■ Work to be completed ■
Among the entries below, copy only the span from the line containing "Original Epson 250" through the line containing "Universal Semi Dish". Do so exactly, and skip the pictures.

■ Information supplied ■
--------------------------------

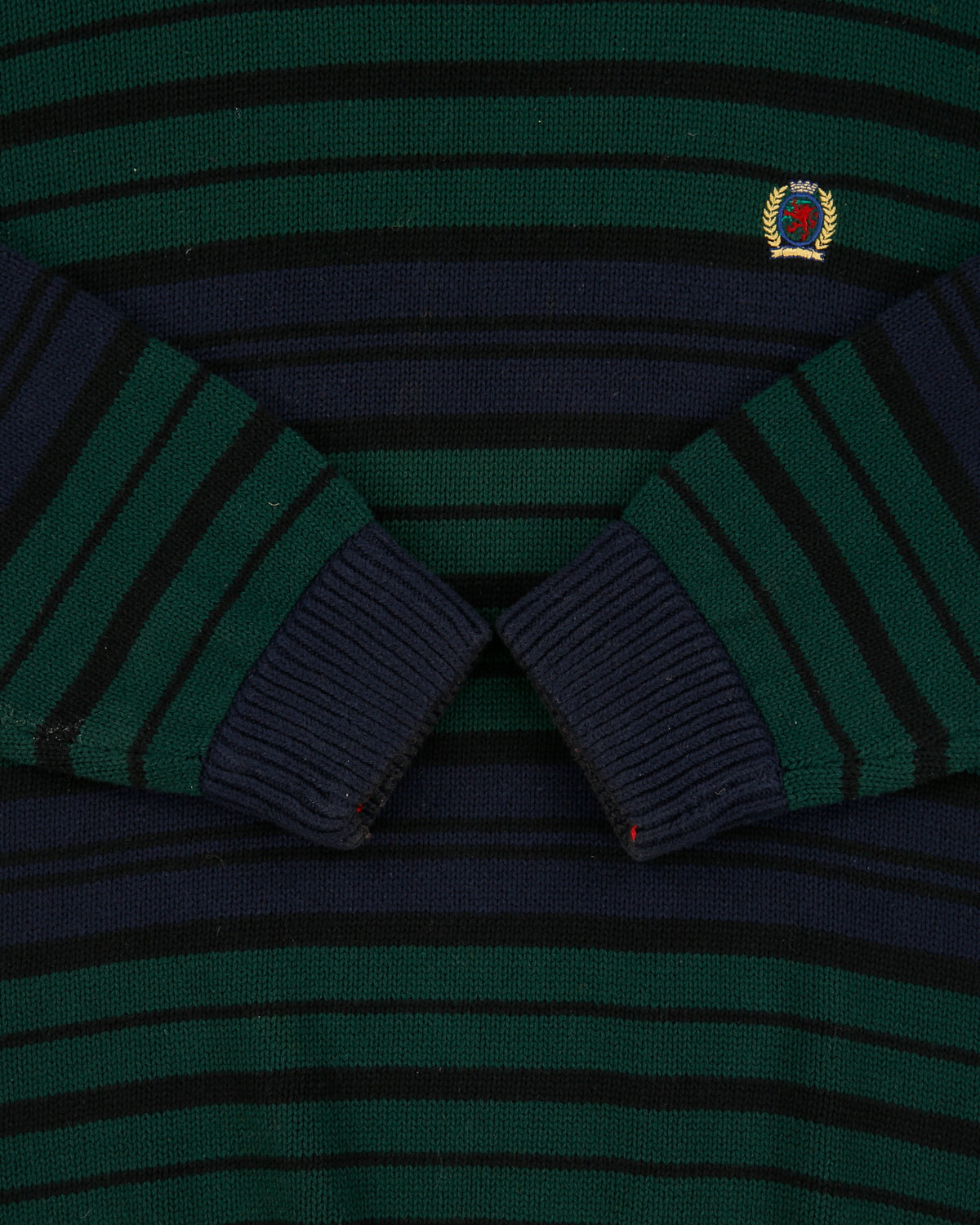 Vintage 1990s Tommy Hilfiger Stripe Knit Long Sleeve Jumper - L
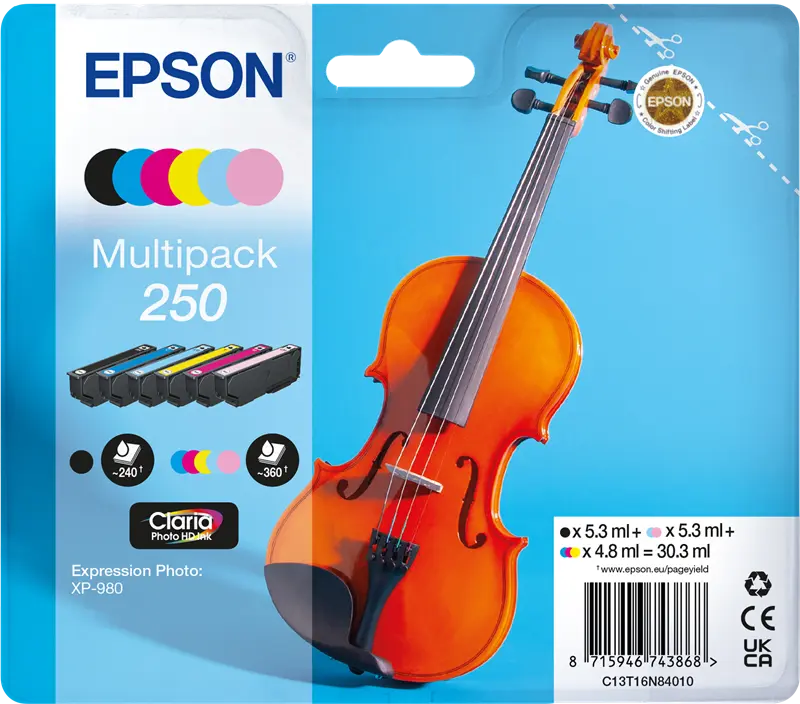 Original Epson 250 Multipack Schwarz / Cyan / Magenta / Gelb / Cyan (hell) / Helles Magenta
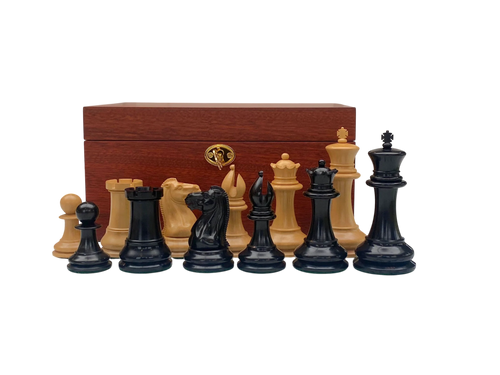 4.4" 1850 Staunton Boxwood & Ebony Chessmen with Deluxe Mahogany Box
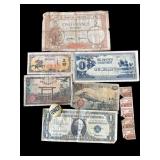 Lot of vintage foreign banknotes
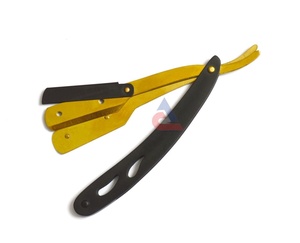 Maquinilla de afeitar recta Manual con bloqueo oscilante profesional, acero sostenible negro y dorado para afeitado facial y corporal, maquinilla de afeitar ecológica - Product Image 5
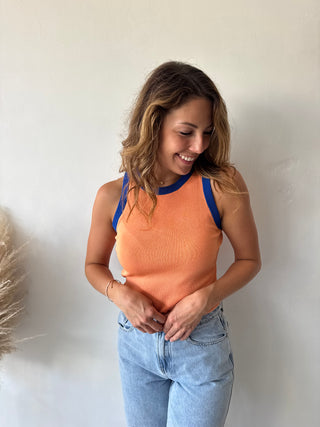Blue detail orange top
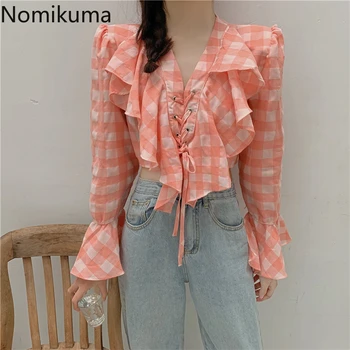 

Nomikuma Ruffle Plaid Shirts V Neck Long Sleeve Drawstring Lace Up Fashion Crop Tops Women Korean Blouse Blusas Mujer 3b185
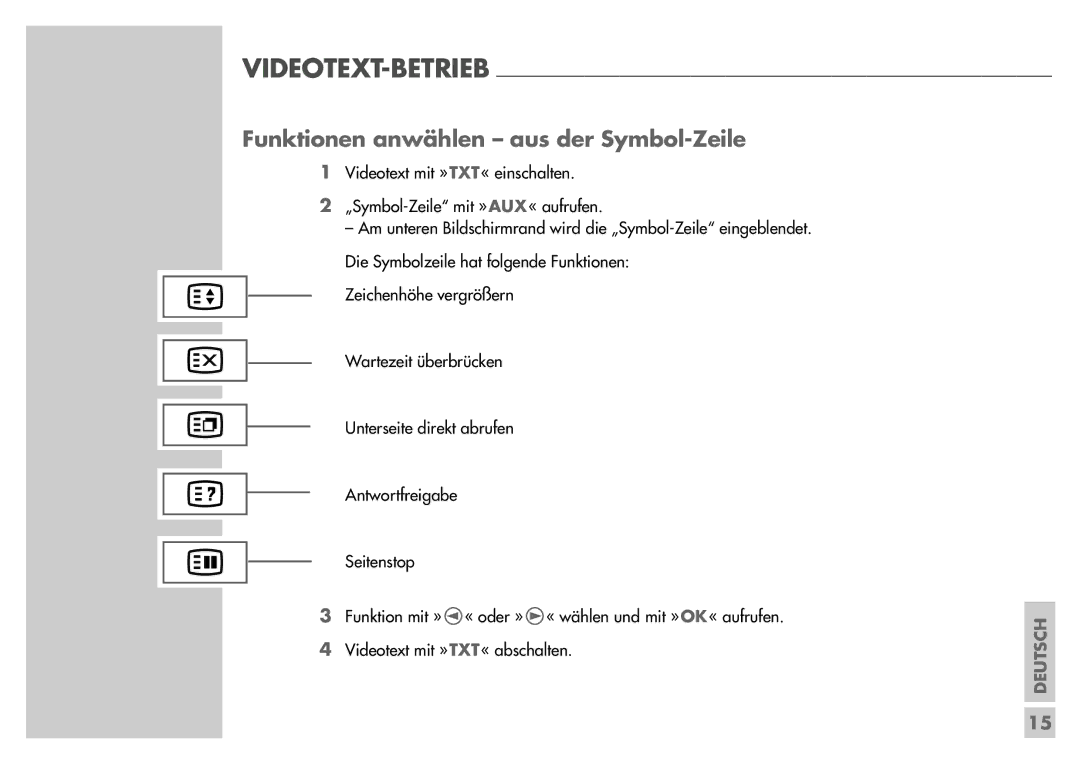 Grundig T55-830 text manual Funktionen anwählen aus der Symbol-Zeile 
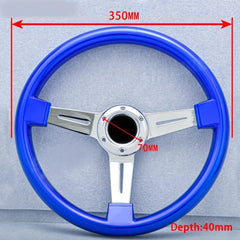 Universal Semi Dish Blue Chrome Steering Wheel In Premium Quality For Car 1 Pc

--------------------------------

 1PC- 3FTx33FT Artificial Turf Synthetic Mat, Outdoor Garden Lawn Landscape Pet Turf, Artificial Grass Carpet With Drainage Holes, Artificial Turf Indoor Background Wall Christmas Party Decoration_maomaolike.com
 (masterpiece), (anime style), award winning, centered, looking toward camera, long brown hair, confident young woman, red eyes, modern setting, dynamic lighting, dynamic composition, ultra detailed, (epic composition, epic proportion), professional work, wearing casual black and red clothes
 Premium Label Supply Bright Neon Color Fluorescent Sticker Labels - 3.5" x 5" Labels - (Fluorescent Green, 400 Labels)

--------------------------------

■ Response to this exercise ■
 Original Epson 250 Multipack Schwarz / Cyan / Magenta / Gelb / Cyan (hell) / Helles Magenta
 4.4" 1850 Staunton Boxwood & Ebony Chessmen with Deluxe Mahogany Box
 Lot of vintage foreign banknotes
 Maquinilla de afeitar recta Manual con bloqueo oscilante profesional, acero sostenible negro y dorado para afeitado facial y corporal, maquinilla de afeitar ecológica - Product Image 5
Blue detail orange top

Nomikuma Ruffle Plaid Shirts V Neck Long Sleeve Drawstring Lace Up Fashion Crop Tops Women Korean Blouse Blusas Mujer 3b185
 Grundig T55-830 text manual Funktionen anwählen aus der Symbol-Zeile 
 Universal Semi Dish Blue Chrome Steering Wheel In Premium Quality For Car 1 Pc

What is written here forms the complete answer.